Mit Schmidts zweitem Fall, Geliebter Räuber (2004), wechselte Wolter zum saarländischen Gollenstein-Verlag, wo auch die weiteren Folgen der Reihe herauskamen. Und es stimmt uns traurig zu vernehmen, dass nun mit Der Fremde aus dem Wald offenbar Schluss sein soll. Wir haben den raubeinigen Ermittler nämlich ins Herz geschlossen und würden ihm gerne weiterhin bei der Arbeit zusehen. Zu verdanken hat Schmidt diese Anhänglichkeit dem Erzähltalent seines Schöpfers. Walter Wolter schreibt eine Prosa, die in ihrer Mischung aus Witz und Lakonie in der deutschsprachigen Kriminalliteratur ihresgleichen sucht. Da sitzt jedes Wort am richtigen Platz, und es fehlt auch nicht jenes Quäntchen Sentimentalität, ohne das seit Chandler kein hartgesottener Detektivroman auskommt.

Raubein mit Herz …

Der Fremde aus dem Wald zeigt Bruno Schmidt zunächst von seiner schwachen Seite. Gerade 50 geworden, muss er damit fertig werden, dass seine langjährige Freundin einen jüngeren Liebhaber gefunden hat. Schmidt leidet. Allerdings nur im Geheimen. Ein harter Bursche wie er kennt schließlich keinen Trennungsschmerz. Da kommt ihm ein scheinbar lukrativer Auftrag gerade recht.

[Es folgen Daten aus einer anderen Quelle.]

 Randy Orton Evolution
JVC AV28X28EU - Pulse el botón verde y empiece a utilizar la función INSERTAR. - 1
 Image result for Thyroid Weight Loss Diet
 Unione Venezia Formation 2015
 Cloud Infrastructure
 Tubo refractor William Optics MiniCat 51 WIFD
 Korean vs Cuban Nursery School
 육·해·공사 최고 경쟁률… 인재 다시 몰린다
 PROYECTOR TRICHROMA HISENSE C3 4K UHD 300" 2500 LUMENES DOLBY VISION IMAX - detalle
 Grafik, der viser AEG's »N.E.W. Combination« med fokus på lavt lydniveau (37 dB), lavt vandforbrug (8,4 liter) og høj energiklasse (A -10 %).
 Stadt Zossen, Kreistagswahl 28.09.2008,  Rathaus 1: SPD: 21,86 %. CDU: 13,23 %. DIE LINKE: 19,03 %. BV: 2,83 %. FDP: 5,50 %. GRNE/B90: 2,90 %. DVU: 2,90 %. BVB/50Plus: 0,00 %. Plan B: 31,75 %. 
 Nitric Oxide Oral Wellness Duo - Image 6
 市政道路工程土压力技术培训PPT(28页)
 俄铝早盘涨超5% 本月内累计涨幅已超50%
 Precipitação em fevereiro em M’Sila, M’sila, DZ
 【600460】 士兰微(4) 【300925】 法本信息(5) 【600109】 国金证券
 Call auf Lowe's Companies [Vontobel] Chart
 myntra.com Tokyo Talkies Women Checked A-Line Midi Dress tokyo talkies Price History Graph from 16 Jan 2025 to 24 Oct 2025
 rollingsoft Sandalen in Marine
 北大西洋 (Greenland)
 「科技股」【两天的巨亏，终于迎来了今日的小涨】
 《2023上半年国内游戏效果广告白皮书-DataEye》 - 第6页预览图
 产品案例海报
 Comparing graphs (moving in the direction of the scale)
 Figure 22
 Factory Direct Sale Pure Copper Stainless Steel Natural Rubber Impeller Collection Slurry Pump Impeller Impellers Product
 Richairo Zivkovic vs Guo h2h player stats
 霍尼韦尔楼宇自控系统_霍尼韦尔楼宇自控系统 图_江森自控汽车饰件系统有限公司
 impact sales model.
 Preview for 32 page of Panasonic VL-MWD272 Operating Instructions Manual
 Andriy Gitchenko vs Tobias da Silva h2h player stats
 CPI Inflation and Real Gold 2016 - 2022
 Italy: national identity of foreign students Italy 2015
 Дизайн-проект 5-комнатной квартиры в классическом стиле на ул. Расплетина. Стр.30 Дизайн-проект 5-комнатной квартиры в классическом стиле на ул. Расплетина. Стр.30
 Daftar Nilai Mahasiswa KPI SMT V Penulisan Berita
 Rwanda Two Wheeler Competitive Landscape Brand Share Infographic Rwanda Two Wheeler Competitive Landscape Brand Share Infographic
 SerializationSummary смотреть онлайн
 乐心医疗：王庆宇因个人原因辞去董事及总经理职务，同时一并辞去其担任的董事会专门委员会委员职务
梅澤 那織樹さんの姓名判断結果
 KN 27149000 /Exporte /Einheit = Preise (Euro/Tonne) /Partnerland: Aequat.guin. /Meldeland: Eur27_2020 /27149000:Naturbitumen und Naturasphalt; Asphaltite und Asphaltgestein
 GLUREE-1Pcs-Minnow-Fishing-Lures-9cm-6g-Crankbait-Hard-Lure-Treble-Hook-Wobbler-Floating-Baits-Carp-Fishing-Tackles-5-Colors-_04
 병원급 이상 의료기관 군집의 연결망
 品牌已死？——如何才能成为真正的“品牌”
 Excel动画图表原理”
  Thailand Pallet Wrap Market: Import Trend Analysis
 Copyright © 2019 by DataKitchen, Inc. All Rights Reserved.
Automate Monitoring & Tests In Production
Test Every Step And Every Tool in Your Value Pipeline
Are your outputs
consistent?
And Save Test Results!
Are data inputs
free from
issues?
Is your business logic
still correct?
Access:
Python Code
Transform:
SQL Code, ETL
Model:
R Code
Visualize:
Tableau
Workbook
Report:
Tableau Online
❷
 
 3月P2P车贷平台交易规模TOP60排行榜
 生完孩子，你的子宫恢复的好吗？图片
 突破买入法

Einem schwerreichen Autohändler ist der neue Freund des geliebten Töchterleins ein gewaltiger Dorn im Auge. Schmidt soll den unliebsamen Schwiegersohn in spe notfalls mit Gewalt davon überzeugen, dass er besser das Weite sucht. Dies gestaltet sich allerdings ein wenig schwierig, handelt es sich doch um einen exzellent trainierten Kampfsportler, dem mit der Routine des Ex-Boxers nicht so ohne weiteres beizukommen ist. Zudem scheint der junge Mann zu einer nicht ungefährlichen Bande von Schutzgelderpressern zu gehören, die den Geschäftsleuten der Region das Leben schwer macht. Aber damit nicht genug. Schmidt hat noch ein anderes Verbrechen aufzuklären, allerdings ohne, dass ihm jemand einen Auftrag erteilt hätte. Der Fremde aus dem Wald, auf den der Titel des Buches verweist, ist ein offenbar zu Tode geprügelter Schwarzer. Und obwohl ihn niemand zu identifizieren weiß, wird anonym eine hohe Belohnung für die Aufklärung der Tat ausgesetzt.

Leiche & Fäden

Wie es sich für das Genre gehört, fordern die Ermittlungen Schmidts Verstand ebenso heraus wie seine Fäuste. Der alte Kämpfer erhält reichlich Gelegenheit zu zeigen, was in ihm steckt. Doch der Fall wird so noch nicht gelöst. Vieles ist anders als es zunächst scheint, und Schmidt muss sich auf manche Überraschung gefasst machen. Irgendwann landet er sogar für kurze Zeit im Knast, eine Episode, die seinen lädierten Seelenzustand wunderbar illustriert.

Ein Kriminalroman also, der seine Leser, anders als den Helden, wunschlos glücklich machen könnte, wäre da nicht der Plot. Für meinen Geschmack ist es ein bisschen viel, was uns Walter Wolter hier auftischt. Während er die Geschichte um die Schutzgelderpresser relativ abrupt ihrem Ende zuführt, spinnt er um die Leiche im Wald ein ganzes Knäuel von Handlungsfäden, um diese kurz vor Schluss in Windeseile wieder zu entwirren. Aber diesem kleinen Makel zum Trotz: Der Abschied von Bruno Schmidt fällt uns schwer, und wir schließen das Buch in der Hoffnung, dass es doch noch nicht sein letzter Fall gewesen sein wird.

Joachim Feldmann

Walter Wolter: Der Fremde aus dem Wald. Bruno Schmidts letzter Fall.
Merzich: Gollenstein 2009. 220 Seiten. 14,90 Euro.